2. Un questionnement
développemental : apport de l'analyse de la tâche de
tromperie
Selon Chandler, Fritz et Hala (1989) la capacité de
tromper émerge à l'âge de deux ans et demi. Pour d'autres
auteurs, la capacité à tromper ne se manifeste que vers trois
ans. Enfin, selon un autre groupe de chercheurs, cette capacité
apparaît à quatre ans (Sodian et Frith, 1992). Ces derniers ont en
effet montré que les enfants de trois ans utilisent des
stratégies trompeuses aussi bien avec des agents compétiteurs
qu'avec des agents coopérateurs. Ils utilisent des stratégies
trompeuses sans en comprendre les effets. On retrouve ici le débat
évoqué précédemment : une capacité
est-elle considérée comme acquise à ses prémices ou
lorsqu'elle est bien affirmée ?
D'autre part, contrairement à ce qu'avance Baron-Cohen
(1995), pour certains auteurs, les capacités de compréhension de
fausses croyances et de tromperies n'apparaissent pas en même temps.

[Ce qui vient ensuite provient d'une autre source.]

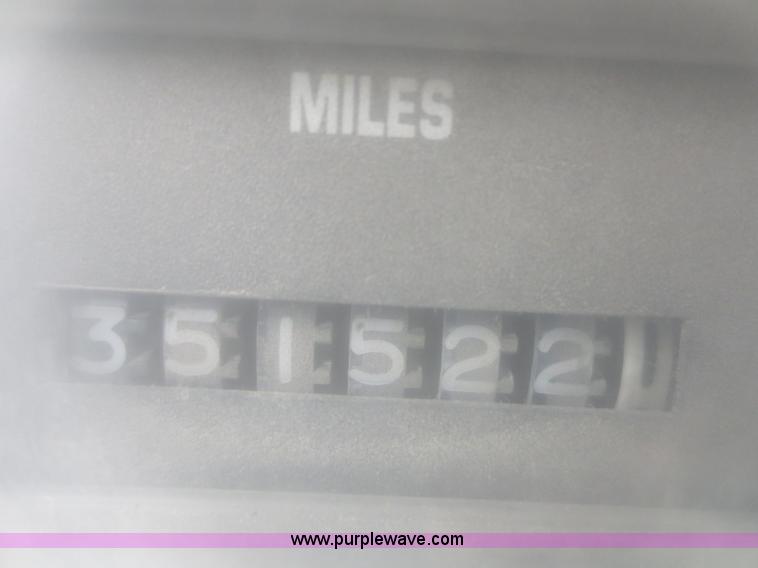 image for item F6925 1993 International 4900 dump truck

Selon Hala et al. (1991), la tromperie émergerait avant la
compréhension des fausses croyances.
En 1998, Yirmiya et al. ont fait une méta-analyse
comparative sur le développement de la théorie de l'esprit chez
des enfants normaux, autistes et déficients intellectuels. Ils ont
utilisé trois variables modératrices potentielles dont l'une est
le type de tâches. En effet, certaines tâches étaient
réussies à l'âge de 2 ½ ans par des enfants normaux
alors que d'autres ne furent réussies qu'après 4 ans. La large
gamme de contenus et de contextes examinés dans les différentes
tâches marque la possibilité que ces tâches variées
ne testent pas exactement les mêmes capacités et que certaines
d'entre elles soient plus faciles que d'autres. Ainsi certaines données
suggèrent que les enfants normaux n'accomplissent pas de façon
équivalente tous les types de tâches.
En effet, une étude attentive de tâches
expérimentées par les différents auteurs permet de mieux
comprendre leurs résultats divergents. Hala et al. (1991) ont
posé comme conclusion de leur article que la capacité à
tromper apparaît à l'âge de 2 ½ ans avant la
capacité de réaliser des tâches de fausses croyances.

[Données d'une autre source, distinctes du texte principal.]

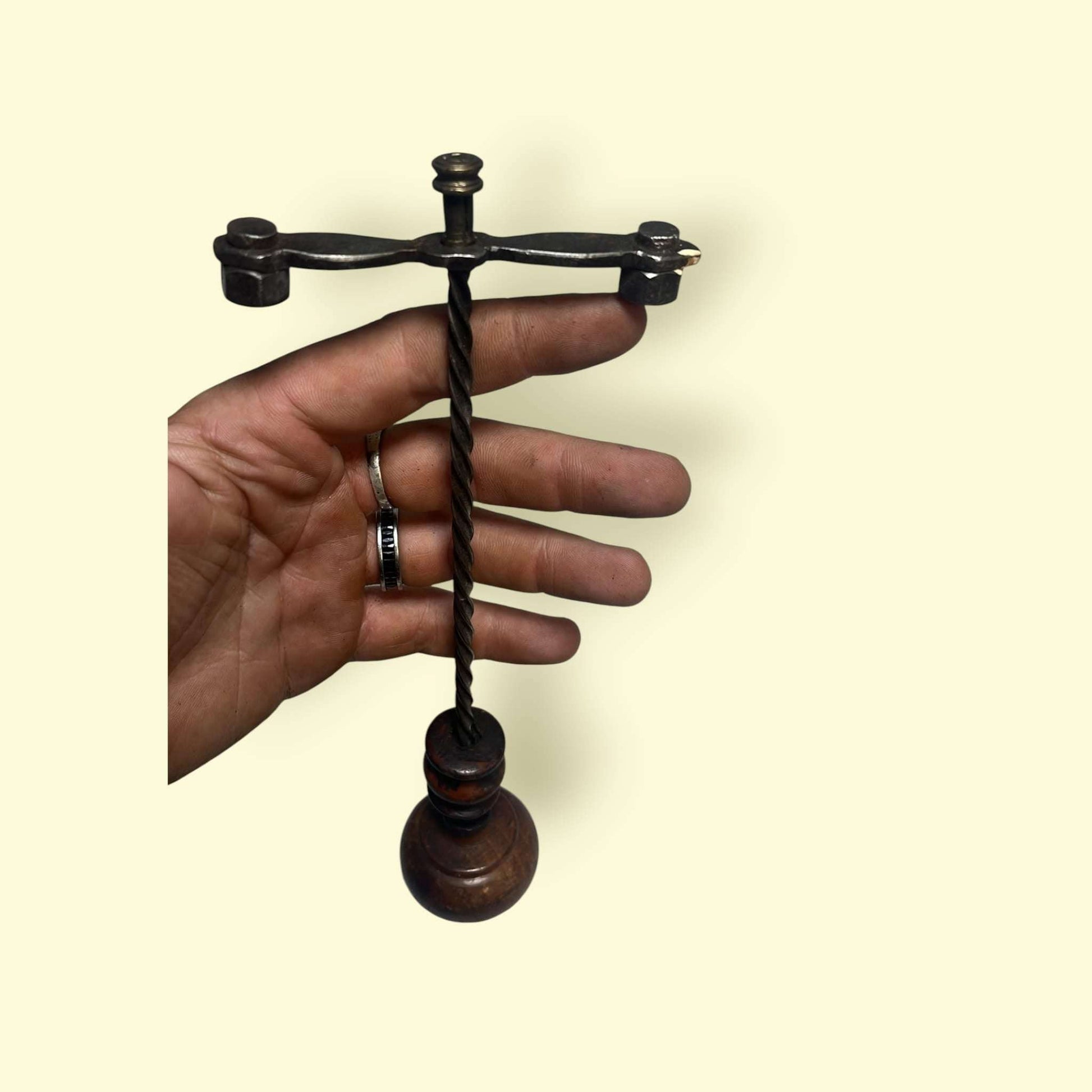Bailarina antigua birbiquí de hierro y madera único - Cositas Antiguas – La Guadaña, Anticuarios Online en Jerez , vender antigüedades, muebles antiguos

Oswald et Ollendick (1989) de même que Sparrow, Balla et Cichetti (1984),
concluent quant à eux que ces deux capacités apparaissent en
même temps. Comment expliquer cette divergence ? Les deux groupes
d'auteurs ont comparé les résultats aux deux mêmes
tâches. Pour la tâche de fausses croyances, ils ont pris en compte
les résultats au test de « Sally et Anne » et pour
la tâche de tromperie ils ont pris ceux du « penny hiding
game ». Cependant alors que Oswald et Ollendick (1989) et Sparrow et
al. (1984) ont fait passer les deux tâches aux mêmes groupes
d'enfants, Hala et al. (1991) n'ont fait passer aux enfants que la tâche
de tromperie. Ils ont comparé leurs résultats à ceux
d'autres chercheurs n'ayant fait passer que la tâche de fausses
croyances. Les résultats provenaient de deux groupes d'enfants distincts
et de deux groupes de chercheurs l'étant tout autant, ceci impute un
biais expérimental.
Selon d'autres auteurs (Sodian et Frith, 1992), la
capacité à tromper n'émerge que vers 4 ans, après
la compréhension des fausses croyances. Qu'est ce qui explique ce
renversement de situation par rapport à Oswald et al. (1989) ?
C'est la nature de la tâche de tromperie. En effet, contrairement
à précédemment, ce n'est pas la tâche de
« penny hiding game » qui est utilisée mais une
tâche plus complexe : « le Roi et le voleur ».
Cette tâche est comparable à celle de « Sally et
Anne » au niveau de la charge mentale contrairement au
« penny hiding game ». En effet, cette dernière
demande peu d'aptitude cognitive. Il y a très peu de verbalisation tant
de la part de l'expérimentateur que de l'enfant. Il n'y a pas de
scénario contextuel de la tâche. Elle demande peu de
capacité de compréhension. A contrario, le test de Sally et Anne
et le test du « le Roi et le voleur » sont très
proches l'un de l'autre. Dans les deux cas il y a deux personnages et l'enfant.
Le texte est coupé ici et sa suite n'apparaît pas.